▶ [Problem description]
Leave the images out and write out each entry exactly as shown.

▶ [Short web captions]

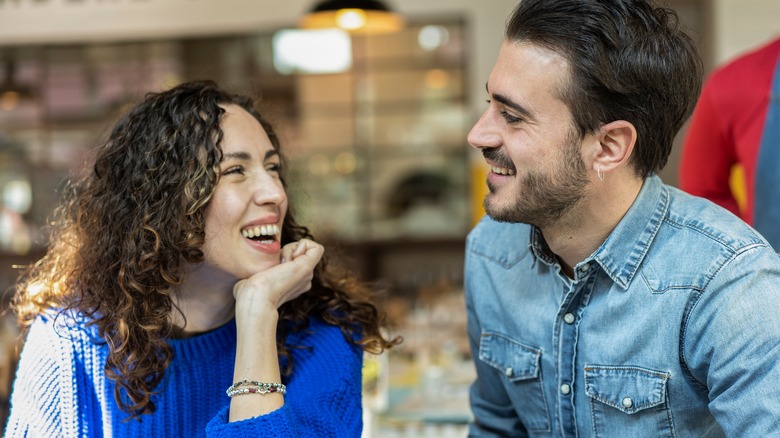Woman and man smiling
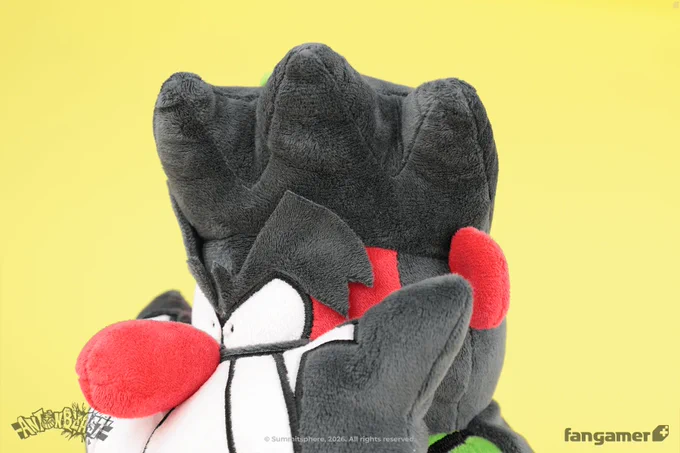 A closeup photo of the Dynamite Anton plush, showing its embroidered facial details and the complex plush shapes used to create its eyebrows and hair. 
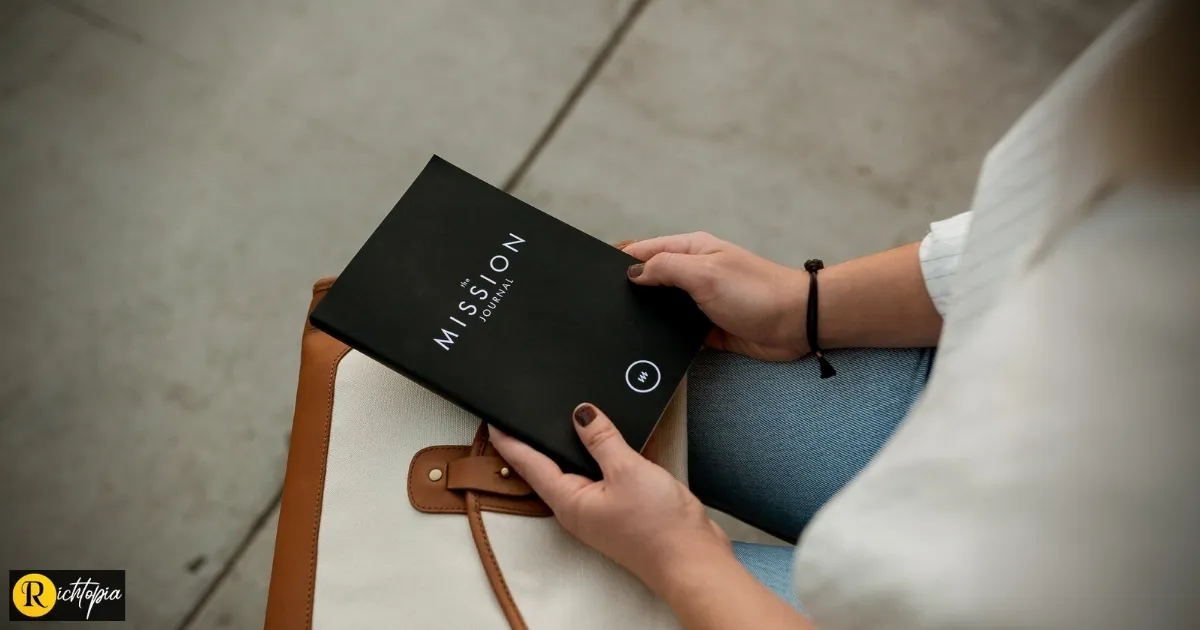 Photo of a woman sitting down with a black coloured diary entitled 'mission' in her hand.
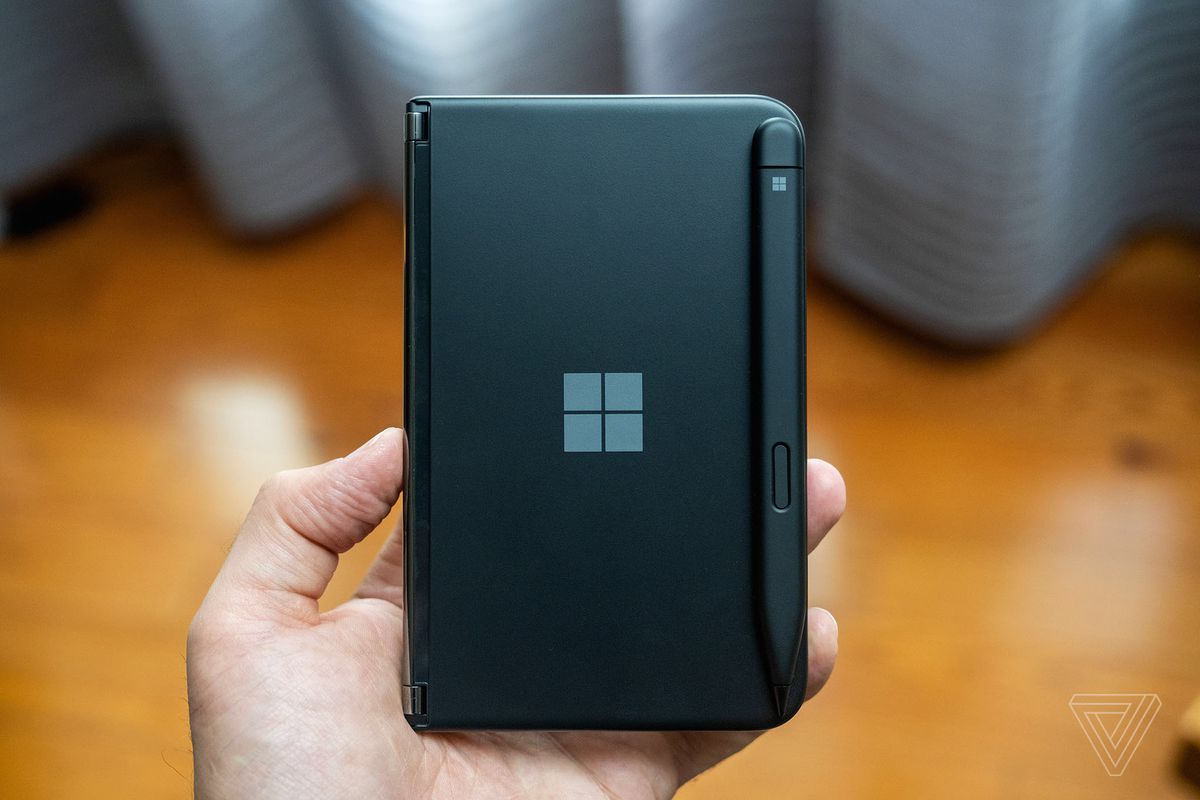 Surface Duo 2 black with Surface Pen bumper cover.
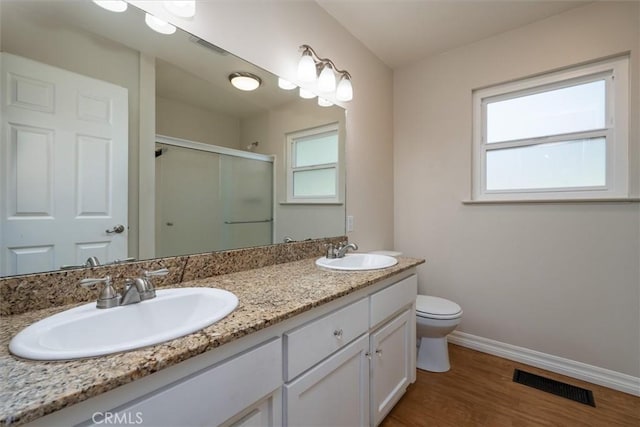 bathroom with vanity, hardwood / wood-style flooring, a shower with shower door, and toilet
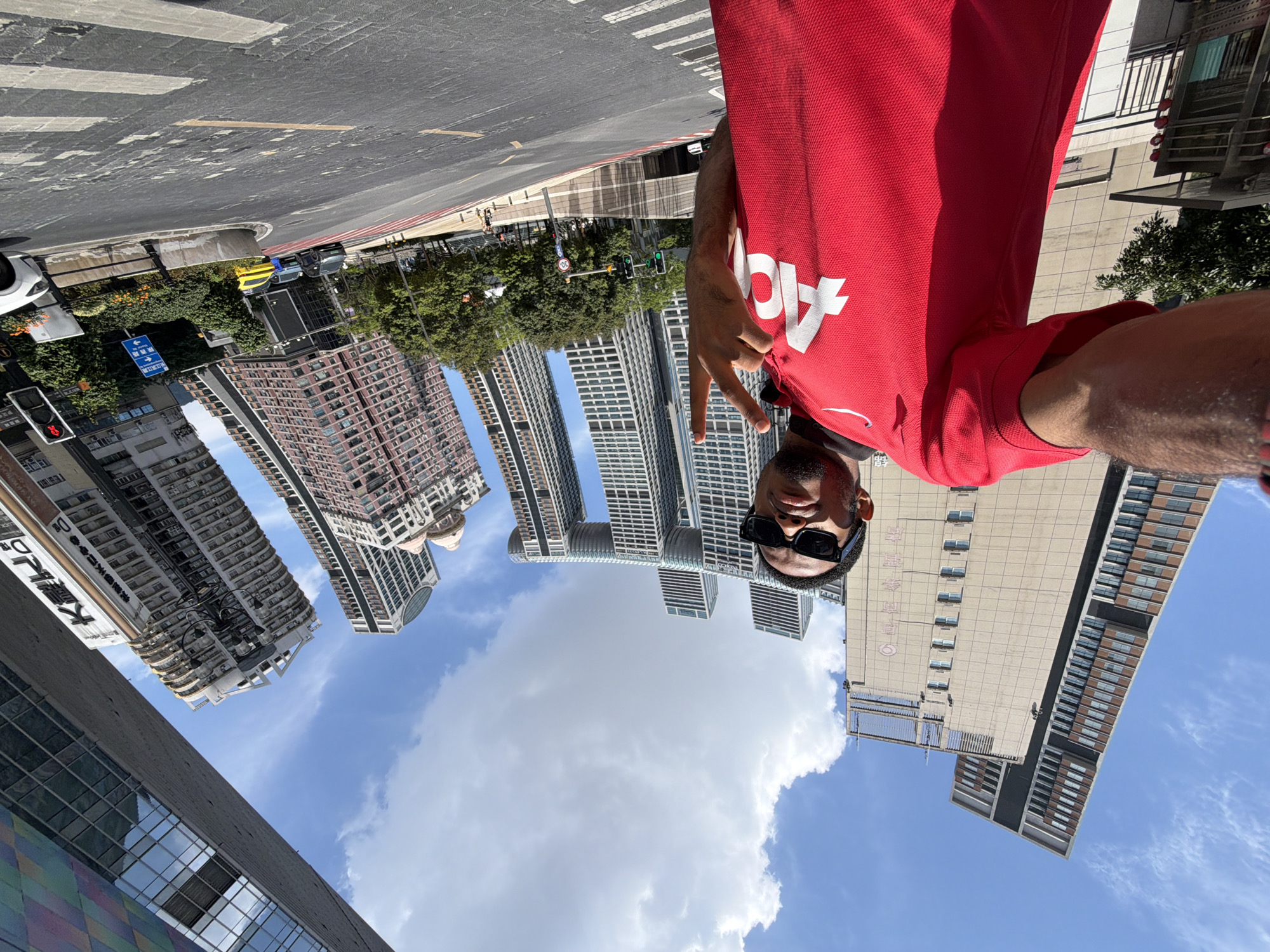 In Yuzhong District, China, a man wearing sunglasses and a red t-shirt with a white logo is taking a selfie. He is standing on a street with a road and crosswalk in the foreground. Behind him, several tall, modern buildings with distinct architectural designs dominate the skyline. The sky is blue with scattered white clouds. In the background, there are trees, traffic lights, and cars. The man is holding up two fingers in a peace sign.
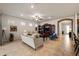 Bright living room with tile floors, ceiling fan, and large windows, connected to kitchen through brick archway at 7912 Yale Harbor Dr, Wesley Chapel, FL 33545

▶ [Solved problem]
Woman and man smiling
 A closeup photo of the Dynamite Anton plush, showing its embroidered facial details and the complex plush shapes used to create its eyebrows and hair. 
 Photo of a woman sitting down with a black coloured diary entitled 'mission' in her hand.
 Surface Duo 2 black with Surface Pen bumper cover.
 bathroom with vanity, hardwood / wood-style flooring, a shower with shower door, and toilet
 In Yuzhong District, China, a man wearing sunglasses and a red t-shirt with a white logo is taking a selfie. He is standing on a street with a road and crosswalk in the foreground. Behind him, several tall, modern buildings with distinct architectural designs dominate the skyline. The sky is blue with scattered white clouds. In the background, there are trees, traffic lights, and cars. The man is holding up two fingers in a peace sign.
 Bright living room with tile floors, ceiling fan, and large windows, connected to kitchen through brick archway at 7912 Yale Harbor Dr, Wesley Chapel, FL 33545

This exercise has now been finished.